Aim of the exercise:
Look below for the line holding "2000mAh Square Battery" and the line holding "包柱 电磁炉 电饭煲 电器". Transcribe exactly those lines and all lines between them, nothing more.

Records for the exercise:
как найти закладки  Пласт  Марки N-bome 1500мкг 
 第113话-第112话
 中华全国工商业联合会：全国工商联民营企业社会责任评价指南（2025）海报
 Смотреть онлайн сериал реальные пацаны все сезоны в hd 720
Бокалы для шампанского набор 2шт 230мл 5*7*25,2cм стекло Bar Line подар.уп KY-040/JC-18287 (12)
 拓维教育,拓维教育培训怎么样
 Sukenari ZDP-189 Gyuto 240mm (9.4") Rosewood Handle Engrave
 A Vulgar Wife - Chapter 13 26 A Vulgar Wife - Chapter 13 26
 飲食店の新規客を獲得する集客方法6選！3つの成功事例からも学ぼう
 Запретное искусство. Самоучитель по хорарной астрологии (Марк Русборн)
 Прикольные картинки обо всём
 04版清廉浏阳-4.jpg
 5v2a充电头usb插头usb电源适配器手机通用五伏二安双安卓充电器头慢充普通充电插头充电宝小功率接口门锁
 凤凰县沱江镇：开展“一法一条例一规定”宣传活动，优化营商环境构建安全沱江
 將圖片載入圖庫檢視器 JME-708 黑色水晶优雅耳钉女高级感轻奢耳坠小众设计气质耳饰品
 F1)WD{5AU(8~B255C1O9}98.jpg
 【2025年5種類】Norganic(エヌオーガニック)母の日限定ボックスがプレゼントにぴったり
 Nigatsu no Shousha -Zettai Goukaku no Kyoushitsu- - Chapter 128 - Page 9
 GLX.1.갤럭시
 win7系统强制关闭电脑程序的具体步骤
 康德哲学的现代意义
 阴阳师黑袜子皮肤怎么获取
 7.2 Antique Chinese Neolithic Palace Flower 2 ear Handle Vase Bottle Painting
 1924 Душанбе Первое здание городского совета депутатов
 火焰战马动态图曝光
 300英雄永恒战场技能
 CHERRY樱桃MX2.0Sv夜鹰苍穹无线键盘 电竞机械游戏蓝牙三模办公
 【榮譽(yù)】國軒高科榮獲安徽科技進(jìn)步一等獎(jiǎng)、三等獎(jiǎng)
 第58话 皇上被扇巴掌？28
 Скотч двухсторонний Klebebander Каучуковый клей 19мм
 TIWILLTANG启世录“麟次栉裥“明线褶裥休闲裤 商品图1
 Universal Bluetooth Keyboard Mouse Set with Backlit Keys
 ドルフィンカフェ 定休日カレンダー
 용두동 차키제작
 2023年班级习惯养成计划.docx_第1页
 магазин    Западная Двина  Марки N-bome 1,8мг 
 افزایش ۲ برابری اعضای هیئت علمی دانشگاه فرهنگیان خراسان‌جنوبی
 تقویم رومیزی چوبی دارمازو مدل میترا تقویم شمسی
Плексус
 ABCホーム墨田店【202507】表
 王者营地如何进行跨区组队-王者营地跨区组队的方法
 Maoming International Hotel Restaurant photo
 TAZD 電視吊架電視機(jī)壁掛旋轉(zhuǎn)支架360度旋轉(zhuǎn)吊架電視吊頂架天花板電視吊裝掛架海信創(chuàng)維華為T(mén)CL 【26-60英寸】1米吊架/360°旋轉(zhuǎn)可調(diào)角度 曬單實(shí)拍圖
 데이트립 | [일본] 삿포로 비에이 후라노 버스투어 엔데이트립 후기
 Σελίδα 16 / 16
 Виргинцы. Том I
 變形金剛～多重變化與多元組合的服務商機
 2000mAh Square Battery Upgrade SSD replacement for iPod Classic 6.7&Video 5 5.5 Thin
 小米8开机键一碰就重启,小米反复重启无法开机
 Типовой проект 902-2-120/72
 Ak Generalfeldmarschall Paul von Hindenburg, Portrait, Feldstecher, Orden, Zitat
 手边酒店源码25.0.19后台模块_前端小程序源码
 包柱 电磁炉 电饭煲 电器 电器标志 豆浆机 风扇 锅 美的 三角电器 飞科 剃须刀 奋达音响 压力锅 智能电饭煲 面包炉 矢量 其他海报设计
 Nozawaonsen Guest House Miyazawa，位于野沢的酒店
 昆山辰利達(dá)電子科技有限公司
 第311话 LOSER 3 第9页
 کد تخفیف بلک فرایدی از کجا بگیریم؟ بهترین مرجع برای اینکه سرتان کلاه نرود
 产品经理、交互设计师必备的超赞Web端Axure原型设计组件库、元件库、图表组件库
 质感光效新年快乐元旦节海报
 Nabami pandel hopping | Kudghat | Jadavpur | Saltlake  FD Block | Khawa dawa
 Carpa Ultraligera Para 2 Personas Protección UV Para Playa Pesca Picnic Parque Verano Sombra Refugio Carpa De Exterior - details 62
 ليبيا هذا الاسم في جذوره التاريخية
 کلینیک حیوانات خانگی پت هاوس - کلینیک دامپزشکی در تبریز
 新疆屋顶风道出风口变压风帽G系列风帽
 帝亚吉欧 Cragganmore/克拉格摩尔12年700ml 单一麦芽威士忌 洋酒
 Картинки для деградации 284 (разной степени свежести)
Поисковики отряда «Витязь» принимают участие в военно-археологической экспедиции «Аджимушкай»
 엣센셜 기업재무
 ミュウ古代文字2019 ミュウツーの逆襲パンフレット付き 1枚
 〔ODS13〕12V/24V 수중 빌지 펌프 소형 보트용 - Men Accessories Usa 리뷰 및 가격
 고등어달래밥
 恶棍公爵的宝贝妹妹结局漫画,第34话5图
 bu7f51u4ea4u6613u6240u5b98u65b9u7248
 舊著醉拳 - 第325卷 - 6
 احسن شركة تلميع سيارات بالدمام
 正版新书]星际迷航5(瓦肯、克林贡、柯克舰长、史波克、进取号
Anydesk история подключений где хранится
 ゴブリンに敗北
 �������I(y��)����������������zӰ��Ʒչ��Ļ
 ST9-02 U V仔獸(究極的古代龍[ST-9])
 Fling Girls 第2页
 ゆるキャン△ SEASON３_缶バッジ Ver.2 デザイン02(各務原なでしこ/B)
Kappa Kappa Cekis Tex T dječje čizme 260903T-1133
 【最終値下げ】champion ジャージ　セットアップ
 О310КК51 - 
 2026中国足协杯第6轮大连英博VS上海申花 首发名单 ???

Response below:
 2000mAh Square Battery Upgrade SSD replacement for iPod Classic 6.7&Video 5 5.5 Thin
 小米8开机键一碰就重启,小米反复重启无法开机
 Типовой проект 902-2-120/72
 Ak Generalfeldmarschall Paul von Hindenburg, Portrait, Feldstecher, Orden, Zitat
 手边酒店源码25.0.19后台模块_前端小程序源码
 包柱 电磁炉 电饭煲 电器 电器标志 豆浆机 风扇 锅 美的 三角电器 飞科 剃须刀 奋达音响 压力锅 智能电饭煲 面包炉 矢量 其他海报设计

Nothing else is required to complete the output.